**Aim of the exercise**
Provide again, from the entries below, every line from the one containing "[Handmade to order]" through the one containing "Colenis® - Laura", exactly as written, and no other line.

**Material for the task**
━━━━━━━━━━
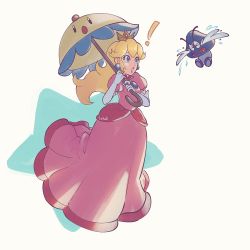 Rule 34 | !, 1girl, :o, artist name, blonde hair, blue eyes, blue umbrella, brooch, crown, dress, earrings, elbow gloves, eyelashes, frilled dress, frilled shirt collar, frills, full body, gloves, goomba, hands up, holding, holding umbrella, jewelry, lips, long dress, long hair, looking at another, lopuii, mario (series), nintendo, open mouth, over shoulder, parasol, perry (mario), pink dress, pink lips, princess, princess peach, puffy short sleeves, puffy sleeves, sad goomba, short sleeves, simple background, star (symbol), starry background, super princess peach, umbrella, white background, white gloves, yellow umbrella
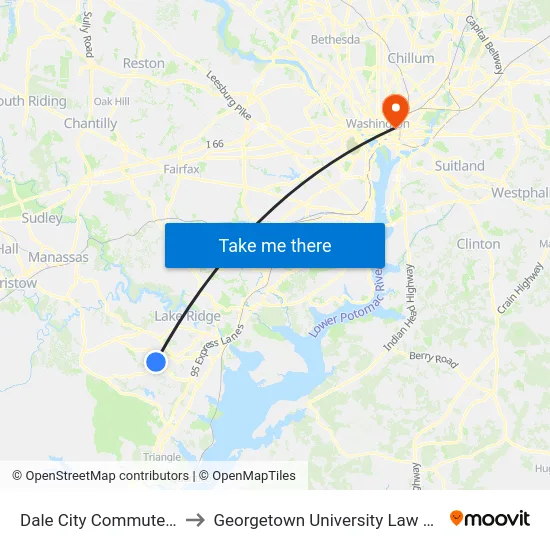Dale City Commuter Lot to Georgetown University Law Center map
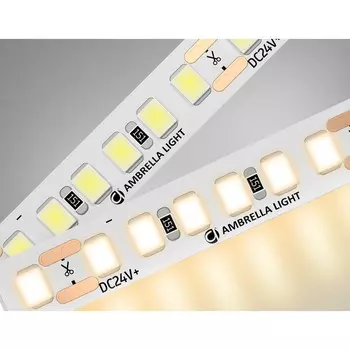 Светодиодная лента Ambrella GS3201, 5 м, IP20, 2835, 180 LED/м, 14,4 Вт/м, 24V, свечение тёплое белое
━━━━━━━━━━
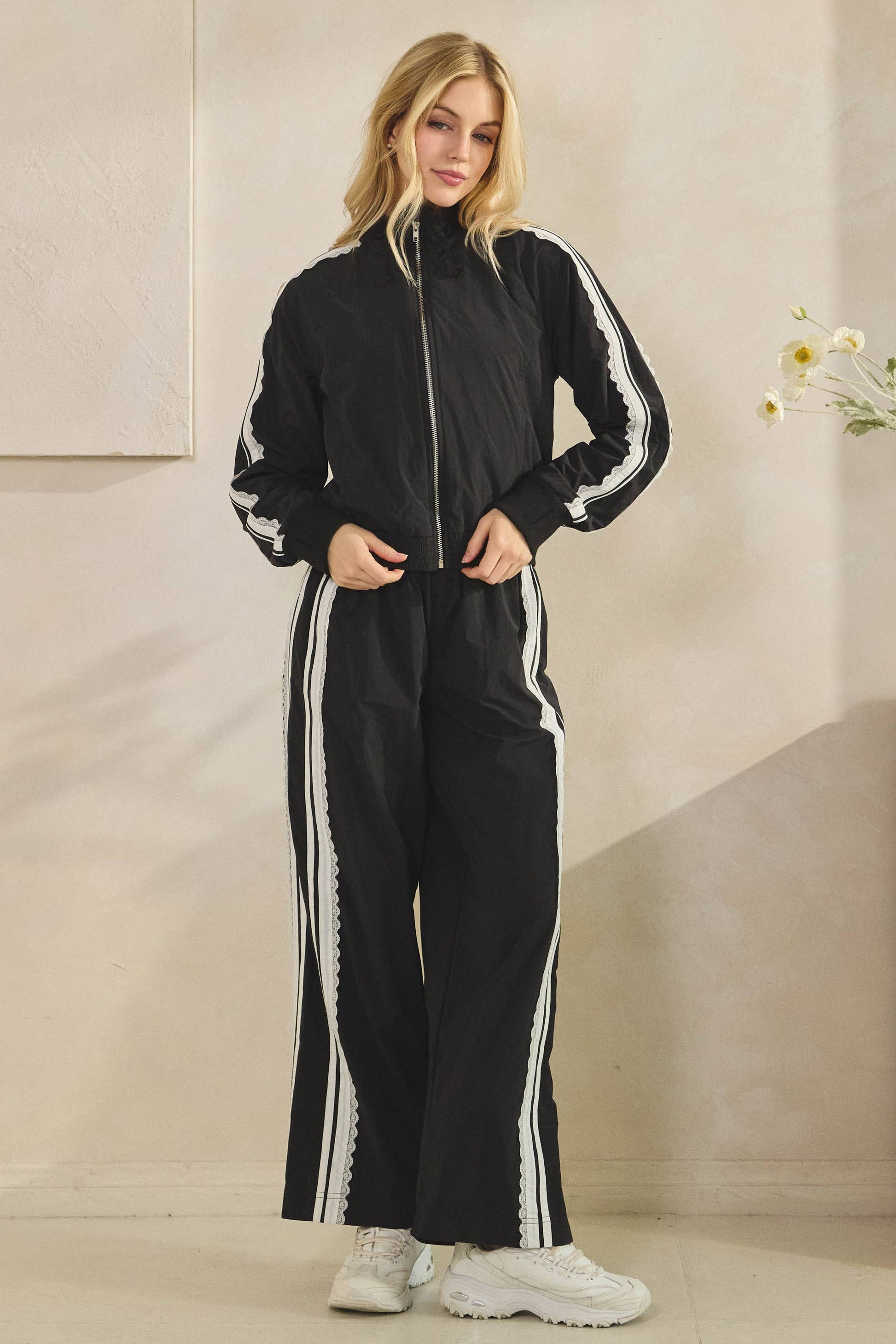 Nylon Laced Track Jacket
━━━━━━━━━━
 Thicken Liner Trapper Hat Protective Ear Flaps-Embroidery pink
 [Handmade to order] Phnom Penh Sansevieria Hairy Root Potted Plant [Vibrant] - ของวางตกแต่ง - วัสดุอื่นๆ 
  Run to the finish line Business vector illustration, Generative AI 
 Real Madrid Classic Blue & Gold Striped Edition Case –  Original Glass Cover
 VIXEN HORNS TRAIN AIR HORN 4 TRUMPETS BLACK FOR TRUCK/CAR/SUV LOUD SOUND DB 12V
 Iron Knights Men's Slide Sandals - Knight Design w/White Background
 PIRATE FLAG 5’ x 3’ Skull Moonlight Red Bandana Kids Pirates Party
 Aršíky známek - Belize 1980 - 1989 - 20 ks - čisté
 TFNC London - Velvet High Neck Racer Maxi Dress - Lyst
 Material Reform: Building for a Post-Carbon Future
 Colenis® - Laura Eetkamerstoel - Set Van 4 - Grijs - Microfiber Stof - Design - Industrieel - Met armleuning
━━━━━━━━━━
**Exercise answer**
 [Handmade to order] Phnom Penh Sansevieria Hairy Root Potted Plant [Vibrant] - ของวางตกแต่ง - วัสดุอื่นๆ 
  Run to the finish line Business vector illustration, Generative AI 
 Real Madrid Classic Blue & Gold Striped Edition Case –  Original Glass Cover
 VIXEN HORNS TRAIN AIR HORN 4 TRUMPETS BLACK FOR TRUCK/CAR/SUV LOUD SOUND DB 12V
 Iron Knights Men's Slide Sandals - Knight Design w/White Background
 PIRATE FLAG 5’ x 3’ Skull Moonlight Red Bandana Kids Pirates Party
 Aršíky známek - Belize 1980 - 1989 - 20 ks - čisté
 TFNC London - Velvet High Neck Racer Maxi Dress - Lyst
 Material Reform: Building for a Post-Carbon Future
 Colenis® - Laura Eetkamerstoel - Set Van 4 - Grijs - Microfiber Stof - Design - Industrieel - Met armleuning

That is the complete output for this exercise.